Department of Microbiology, Cornell University, Ithaca, New York 14853-8101
Received 19 June 2009/ Accepted 23 July 2009
Maintaining intracellular zinc levels is critical, because zinc serves as a cofactor for many required enzymes and is toxic in excess. Bacillus subtilis Zur, a Fur family repressor, controls the zinc starvation response including two ribosomal proteins (r-proteins) paralogous to L31 and S14. Biochemical analyses suggest that Zur-controlled r-proteins (which lack the two CXXC metal-binding motifs) may functionally replace their cognate zinc-requiring proteins during zinc limitation. We demonstrate here that Zur regulates the expression of an additional r-protein paralog, RpmGC (L33c), and, using strains defective in zinc uptake, we investigate the physiological contributions of all three Zur-regulated r-proteins. In the 168 lineage, rpmGC is a pseudogene containing a frameshift mutation. Correction of this mutation allows expression of a functional L33c that can suppress the poor growth phenotype of an rpmGA rpmGB (encoding L33a, L33b) double mutant. Similarly, we provide physiological evidence in support of the "failsafe" model (Y. Natori et al., Mol. Microbiol. 63:294-307, 2007) in which the Zur-regulated S14 paralog YhzA allows continued ribosome synthesis when there is insufficient zinc to support S14 function.
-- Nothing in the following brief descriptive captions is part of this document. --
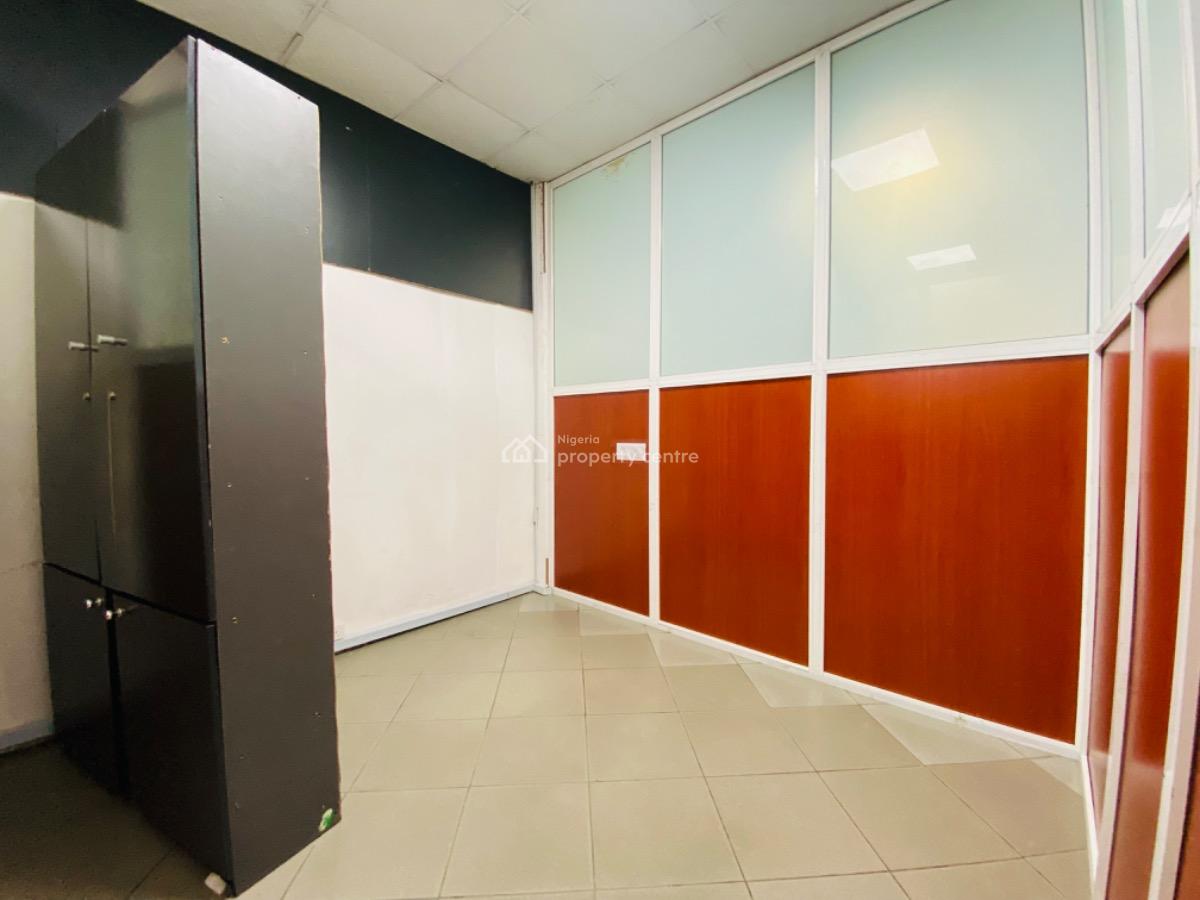 180 Square Meters Professional Office Space, Victoria Island, Victoria Island (vi), Lagos, Office Space for Rent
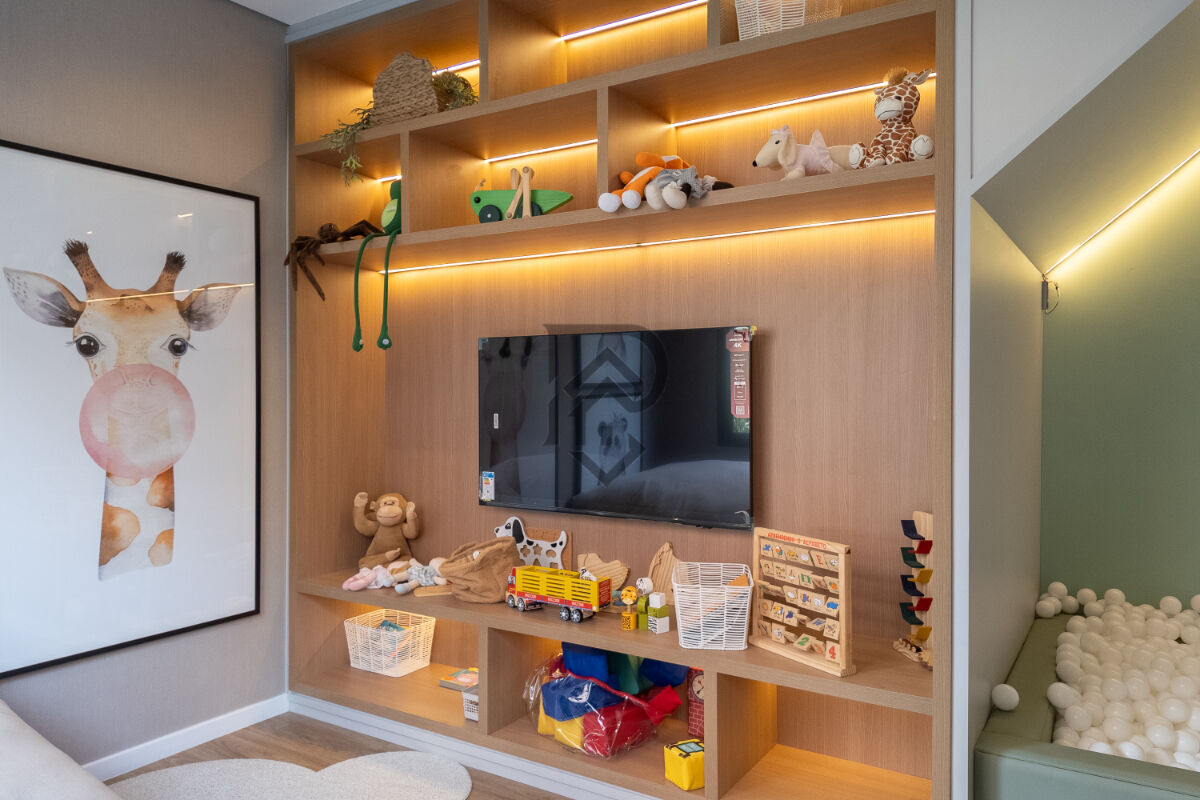 Apartamento, 3 quartos, 95 m² - Foto 57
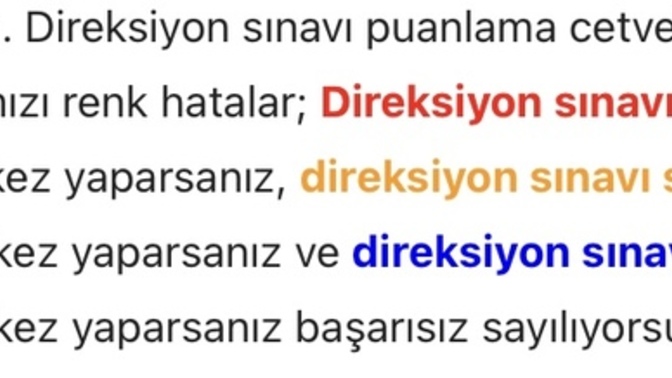 Haksızlık değil mi anlamadım dünden beri ağlıyorum bitirmek üzeredeydim?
The L31 paralog YtiA can replace L31 and complement the growth defect of an rpmE mutant (Nanamiya et al., Mol. Microbiol. 52:273-283). We show that, under zinc starvation conditions, derepression of YtiA significantly increases the growth of cells in which preexisting ribosomes carry, as the sole L31 protein, RpmE (containing zinc), but not if they carry YtiA (which lacks zinc). These results support a direct and physiologically relevant role for YtiA in mobilizing zinc from ribosomes.
Published ahead of print on 31 July 2009.